30
de maio de 2012 | N° 17085
EDITORIAIS
ZH
Entre o falar e o fazer
O
senador Demóstenes Torres caprichou na oratória durante o seu depoimento de
cinco horas no Conselho de Ética do Senado, negou a maioria das acusações,
admitiu pequenos deslizes (como ter recebido um telefone de presente do
contraventor Carlos Cachoeira), fez o papel de vítima e até assumiu a condição
de carola. Também procurou transferir responsabilidades, denunciando uma
suposta conspiração da Polícia Federal e do Ministério Público para prejudicá-lo.
Disse
que foi traído pelo bicheiro e que desconhecia suas atividades ilegais. Na mais
inverossímil de suas afirmações, o parlamentar garantiu que estava fazendo um
teste quando avisou o contraventor sobre suposta operação da Polícia Federal – com
o propósito de descobrir se ele ainda se mantinha ligado aos jogos ilegais.
Falou
muito o senador acusado de usar o mandato para beneficiar um delinquente. Para
culminar, buscou em sua defesa um samba antigo do compositor Ismael Silva, que
se inicia com o verso “nem tudo que se diz se faz”. Tentou, assim, desqualificar
as gravações comprometedoras de suas conversas com o empresário Carlos
Cachoeira.
“Que eu seja julgado pelo que eu fiz, não pelo
que falei que iria fazer” – bradou para os integrantes do Conselho, que tomarão
a primeira decisão sobre a provável cassação de seu mandato.
Talvez
tenha marcado um gol contra.

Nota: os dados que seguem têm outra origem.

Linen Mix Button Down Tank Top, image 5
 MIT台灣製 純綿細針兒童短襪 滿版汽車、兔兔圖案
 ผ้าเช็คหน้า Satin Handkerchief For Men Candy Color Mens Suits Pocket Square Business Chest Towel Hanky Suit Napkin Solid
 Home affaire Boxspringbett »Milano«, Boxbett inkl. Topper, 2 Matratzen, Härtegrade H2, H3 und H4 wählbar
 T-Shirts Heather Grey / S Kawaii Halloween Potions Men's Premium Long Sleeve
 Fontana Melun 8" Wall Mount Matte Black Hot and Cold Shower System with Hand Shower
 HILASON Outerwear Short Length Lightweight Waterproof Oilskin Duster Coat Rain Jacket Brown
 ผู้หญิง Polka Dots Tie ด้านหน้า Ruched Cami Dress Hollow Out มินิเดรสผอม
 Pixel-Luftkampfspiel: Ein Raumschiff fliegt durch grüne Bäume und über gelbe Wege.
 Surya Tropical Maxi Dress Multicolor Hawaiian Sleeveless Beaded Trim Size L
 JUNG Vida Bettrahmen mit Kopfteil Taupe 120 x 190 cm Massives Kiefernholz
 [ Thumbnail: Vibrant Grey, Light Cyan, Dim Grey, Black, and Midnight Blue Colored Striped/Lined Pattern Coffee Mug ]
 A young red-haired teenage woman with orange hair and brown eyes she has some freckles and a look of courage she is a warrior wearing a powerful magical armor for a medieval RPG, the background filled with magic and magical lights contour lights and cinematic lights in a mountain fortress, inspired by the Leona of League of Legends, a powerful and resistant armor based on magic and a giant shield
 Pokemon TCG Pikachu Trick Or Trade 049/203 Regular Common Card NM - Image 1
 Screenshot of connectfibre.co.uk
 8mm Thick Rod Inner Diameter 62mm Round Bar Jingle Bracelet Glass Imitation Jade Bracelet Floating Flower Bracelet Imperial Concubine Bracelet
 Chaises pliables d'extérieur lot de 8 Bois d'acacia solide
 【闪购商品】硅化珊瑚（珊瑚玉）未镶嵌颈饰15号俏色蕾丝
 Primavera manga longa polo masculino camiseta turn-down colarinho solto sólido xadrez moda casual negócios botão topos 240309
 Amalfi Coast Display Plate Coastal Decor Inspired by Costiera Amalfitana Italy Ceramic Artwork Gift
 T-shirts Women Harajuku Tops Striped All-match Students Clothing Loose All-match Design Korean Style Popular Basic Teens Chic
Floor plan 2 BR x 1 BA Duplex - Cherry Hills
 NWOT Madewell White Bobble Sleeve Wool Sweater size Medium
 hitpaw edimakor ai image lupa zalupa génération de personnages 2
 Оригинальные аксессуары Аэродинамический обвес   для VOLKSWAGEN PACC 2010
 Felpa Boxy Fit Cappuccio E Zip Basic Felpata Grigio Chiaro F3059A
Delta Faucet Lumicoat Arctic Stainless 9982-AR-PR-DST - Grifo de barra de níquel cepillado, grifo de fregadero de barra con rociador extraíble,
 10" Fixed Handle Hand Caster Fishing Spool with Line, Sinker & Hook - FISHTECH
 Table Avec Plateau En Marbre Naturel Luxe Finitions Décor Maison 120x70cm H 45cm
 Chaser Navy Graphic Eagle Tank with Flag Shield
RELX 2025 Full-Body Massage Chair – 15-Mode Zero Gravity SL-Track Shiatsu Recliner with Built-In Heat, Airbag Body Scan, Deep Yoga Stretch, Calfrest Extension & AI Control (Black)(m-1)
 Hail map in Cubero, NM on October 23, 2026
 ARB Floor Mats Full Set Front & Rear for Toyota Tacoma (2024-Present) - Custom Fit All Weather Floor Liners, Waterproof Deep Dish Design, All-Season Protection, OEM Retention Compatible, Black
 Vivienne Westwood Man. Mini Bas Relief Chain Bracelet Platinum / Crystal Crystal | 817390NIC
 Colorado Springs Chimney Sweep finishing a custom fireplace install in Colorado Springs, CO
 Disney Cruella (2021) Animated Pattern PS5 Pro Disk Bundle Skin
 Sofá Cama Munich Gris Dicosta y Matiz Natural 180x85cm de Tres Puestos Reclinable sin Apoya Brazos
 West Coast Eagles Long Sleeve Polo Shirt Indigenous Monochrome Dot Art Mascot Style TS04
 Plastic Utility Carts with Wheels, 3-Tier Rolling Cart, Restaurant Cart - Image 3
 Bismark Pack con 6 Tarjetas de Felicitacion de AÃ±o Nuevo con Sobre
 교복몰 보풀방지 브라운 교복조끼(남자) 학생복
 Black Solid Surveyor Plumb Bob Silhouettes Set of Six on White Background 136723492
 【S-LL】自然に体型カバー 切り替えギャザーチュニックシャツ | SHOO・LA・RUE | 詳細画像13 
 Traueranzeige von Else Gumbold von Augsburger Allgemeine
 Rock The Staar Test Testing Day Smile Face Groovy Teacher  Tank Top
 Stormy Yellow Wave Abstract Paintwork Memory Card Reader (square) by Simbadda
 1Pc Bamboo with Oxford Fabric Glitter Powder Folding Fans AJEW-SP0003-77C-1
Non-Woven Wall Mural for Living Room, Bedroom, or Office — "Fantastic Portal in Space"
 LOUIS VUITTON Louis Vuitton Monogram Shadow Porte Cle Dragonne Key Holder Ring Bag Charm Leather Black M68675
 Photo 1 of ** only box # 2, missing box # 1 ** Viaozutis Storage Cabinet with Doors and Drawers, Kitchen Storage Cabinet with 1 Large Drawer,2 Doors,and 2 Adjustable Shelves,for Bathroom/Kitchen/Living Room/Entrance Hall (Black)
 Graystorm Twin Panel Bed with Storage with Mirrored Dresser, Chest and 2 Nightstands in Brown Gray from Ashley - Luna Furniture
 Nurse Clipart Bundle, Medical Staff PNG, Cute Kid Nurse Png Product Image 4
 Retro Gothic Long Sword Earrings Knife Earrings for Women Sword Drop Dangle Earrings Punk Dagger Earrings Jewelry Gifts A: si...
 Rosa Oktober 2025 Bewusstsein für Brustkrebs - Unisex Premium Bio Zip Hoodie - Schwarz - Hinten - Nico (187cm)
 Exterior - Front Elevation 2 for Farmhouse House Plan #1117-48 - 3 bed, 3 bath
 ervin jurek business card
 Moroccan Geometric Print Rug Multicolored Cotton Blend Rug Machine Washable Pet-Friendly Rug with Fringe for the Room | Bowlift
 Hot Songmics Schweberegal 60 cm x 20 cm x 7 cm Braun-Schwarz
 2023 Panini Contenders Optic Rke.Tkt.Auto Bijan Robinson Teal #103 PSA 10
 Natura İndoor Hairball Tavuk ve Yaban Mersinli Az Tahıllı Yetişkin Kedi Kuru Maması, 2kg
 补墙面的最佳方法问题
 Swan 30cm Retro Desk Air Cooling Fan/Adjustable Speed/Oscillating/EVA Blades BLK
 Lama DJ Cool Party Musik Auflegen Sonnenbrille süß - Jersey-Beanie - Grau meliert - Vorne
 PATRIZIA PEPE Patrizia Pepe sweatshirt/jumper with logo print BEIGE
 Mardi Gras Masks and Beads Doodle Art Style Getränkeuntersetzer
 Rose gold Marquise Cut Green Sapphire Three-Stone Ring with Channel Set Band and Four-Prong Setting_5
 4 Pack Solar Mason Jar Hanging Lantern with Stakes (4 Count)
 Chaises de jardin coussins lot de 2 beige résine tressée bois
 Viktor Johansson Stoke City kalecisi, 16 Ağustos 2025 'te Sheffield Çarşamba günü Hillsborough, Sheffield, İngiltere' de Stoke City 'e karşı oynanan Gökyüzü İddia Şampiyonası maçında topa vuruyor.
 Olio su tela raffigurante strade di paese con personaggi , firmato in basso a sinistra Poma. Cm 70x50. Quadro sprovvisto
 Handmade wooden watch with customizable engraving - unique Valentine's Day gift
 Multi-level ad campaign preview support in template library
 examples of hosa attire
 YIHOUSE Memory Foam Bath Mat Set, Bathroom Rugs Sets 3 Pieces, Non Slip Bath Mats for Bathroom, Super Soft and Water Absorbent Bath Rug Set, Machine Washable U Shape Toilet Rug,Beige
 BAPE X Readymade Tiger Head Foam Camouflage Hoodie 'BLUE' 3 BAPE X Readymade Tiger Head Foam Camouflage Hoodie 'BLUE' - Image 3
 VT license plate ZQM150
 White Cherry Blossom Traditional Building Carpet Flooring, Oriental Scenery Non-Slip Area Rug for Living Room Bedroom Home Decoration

Se ele não quer ser julgado pelo que fala, todo o
esforço que fez ontem para convencer seus pares terá que ser desconsiderado, até
mesmo porque o discurso pensado, planejado, elaborado para persuadir, tende a
ser menos autêntico do que o flagrante de uma gravação em que os interlocutores
não sabem que estão sendo ouvidos por terceiros.
E,
pelo que já se conhece dos trechos divulgados, há o suficiente para
caracterizar quebra de decoro parlamentar, pelo dito e pelo feito.